▸ **PROBLEM**: Exclude every picture. Output verbatim the lines from the one containing "Apartament 2 camere, balcon." to the end of the data.

[Opening GIVEN DATA section]

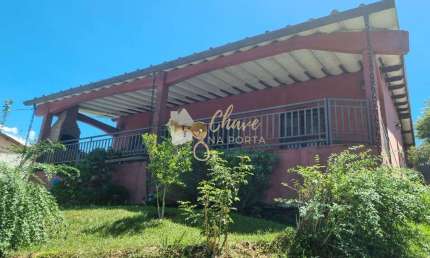Casa ampla à venda no Alto da Riviera com 3 Dormitórios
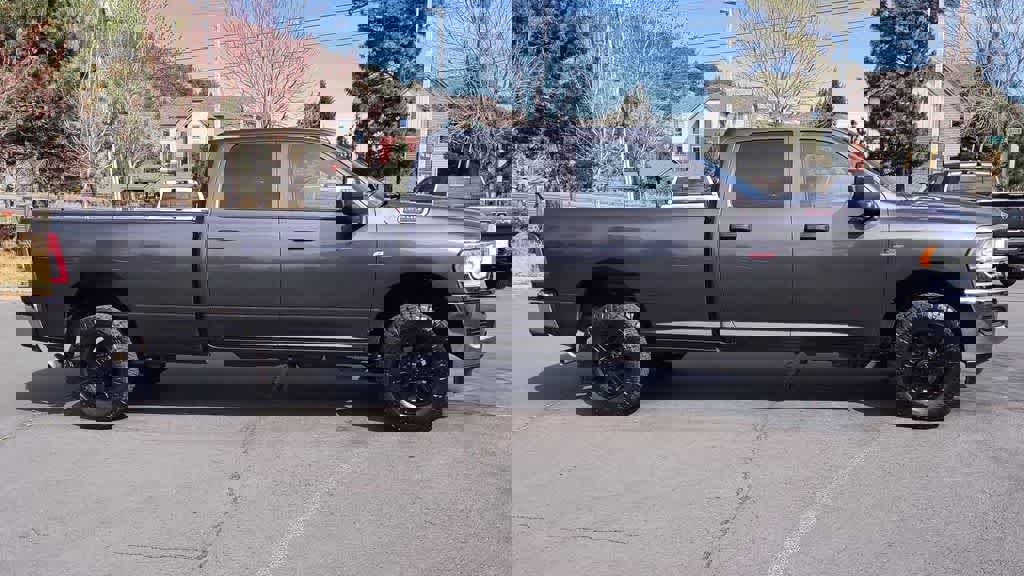 Used 2024 RAM 2500 Tradesman w/ Chrome Appearance Group image 2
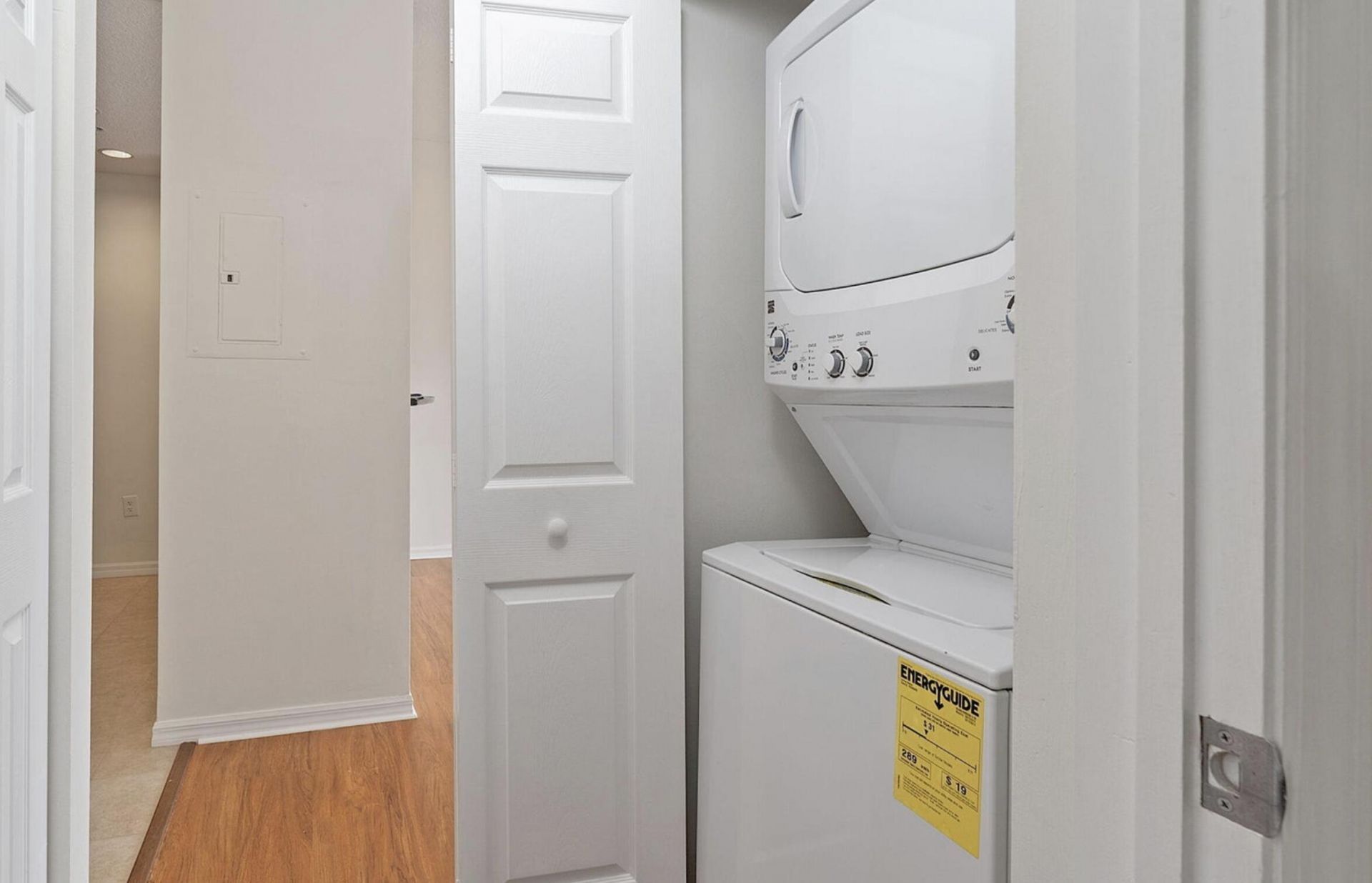 511 Lucerne Avenue, Unit 610, Lake Worth Beach, FL 33460 Photo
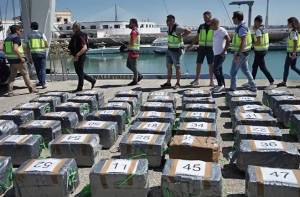 Ισπανία: 9,5 τόνους κοκαΐνης κατάσχεσαν οι αρχές σε φορτίο με μπανάνες από τον Ισημερινό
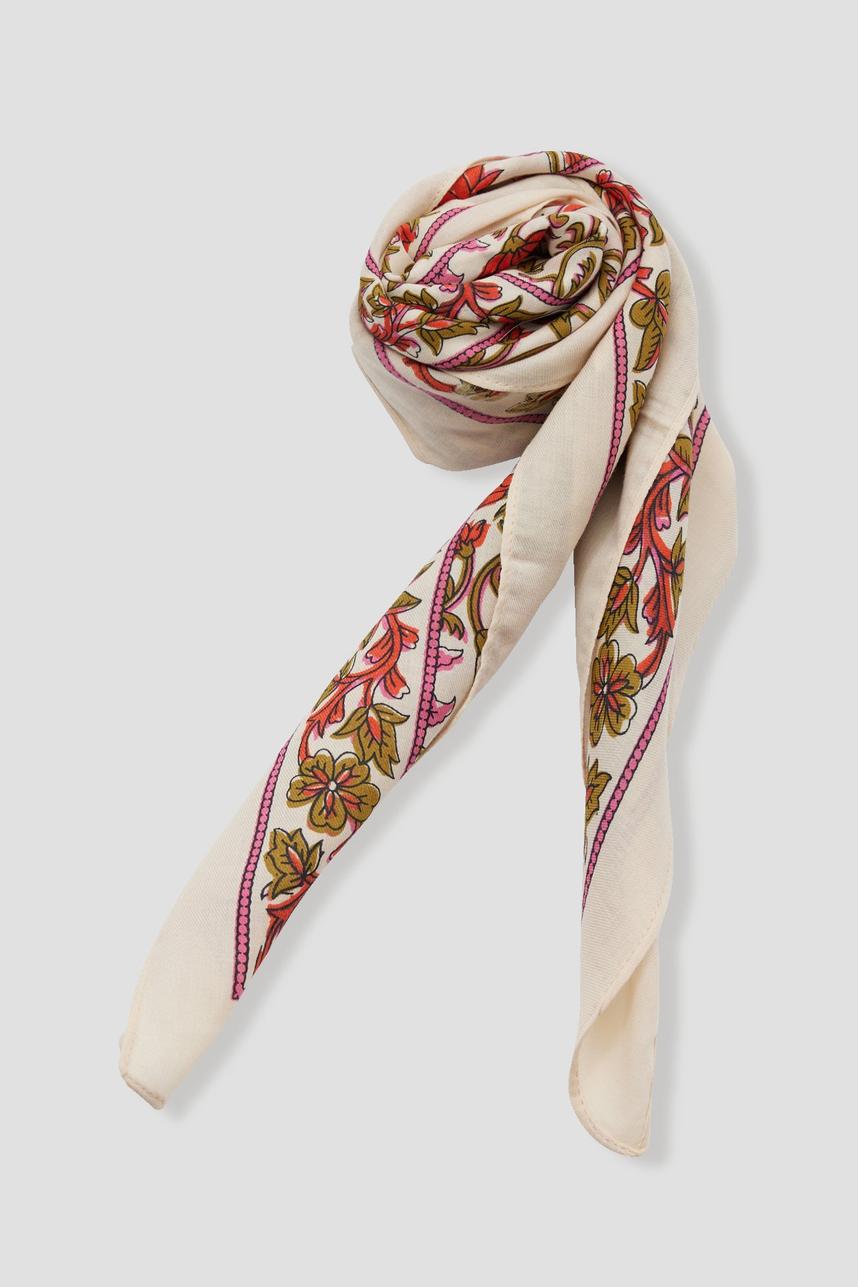 Grand foulard imprimé Femme offre à 19,99 Dh sur Promod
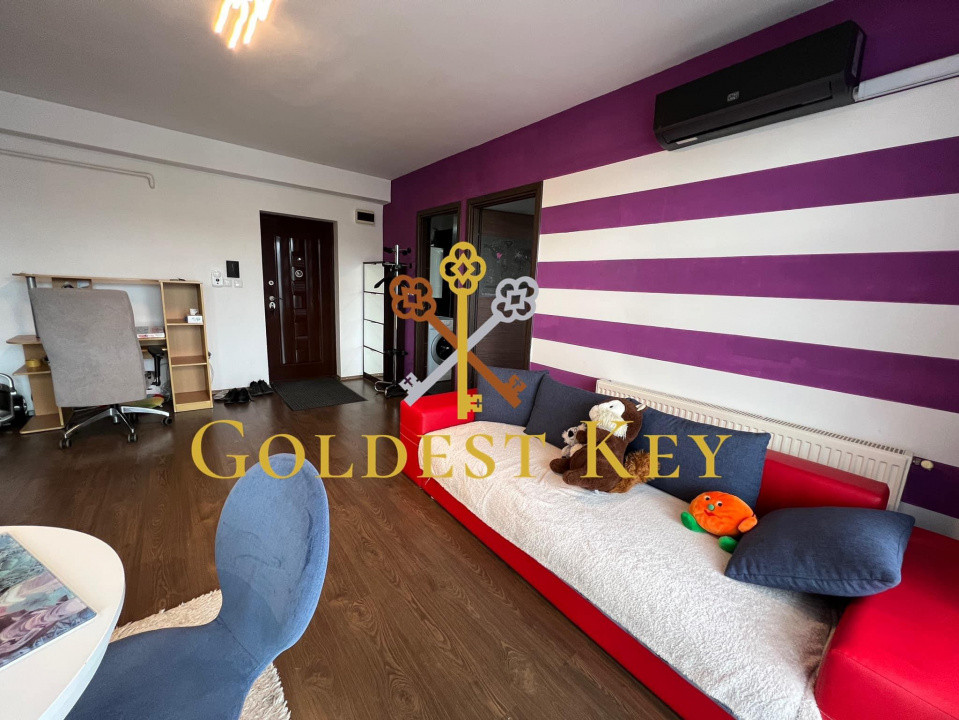 Apartament 2 camere, balcon. Aer conditionat. Lift. Orientat SUD.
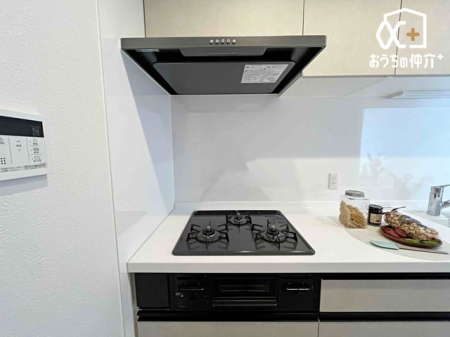 �L�b�`�� ������������O���R�����̗l�q�ł��B�u�߂�E�ύ��ޓ��̍�Ƃ������ɏo����R�����ł��B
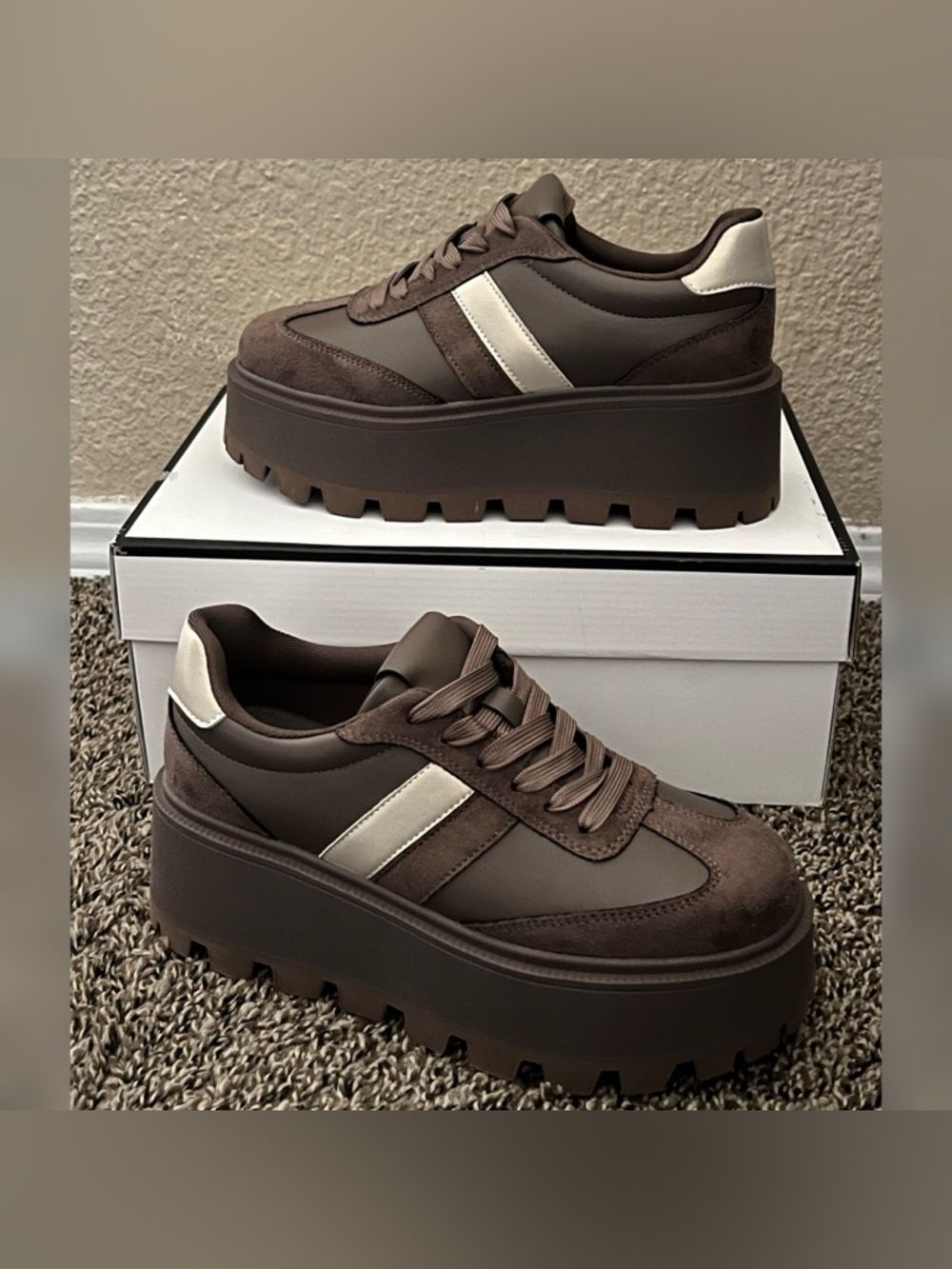 Steve Madden Women's Fayee Platform Brown Color Fashion Sneaker Size- 8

[Closing GIVEN DATA section]

▸ **ANSWER BELOW**:
 Apartament 2 camere, balcon. Aer conditionat. Lift. Orientat SUD.
 �L�b�`�� ������������O���R�����̗l�q�ł��B�u�߂�E�ύ��ޓ��̍�Ƃ������ɏo����R�����ł��B
 Steve Madden Women's Fayee Platform Brown Color Fashion Sneaker Size- 8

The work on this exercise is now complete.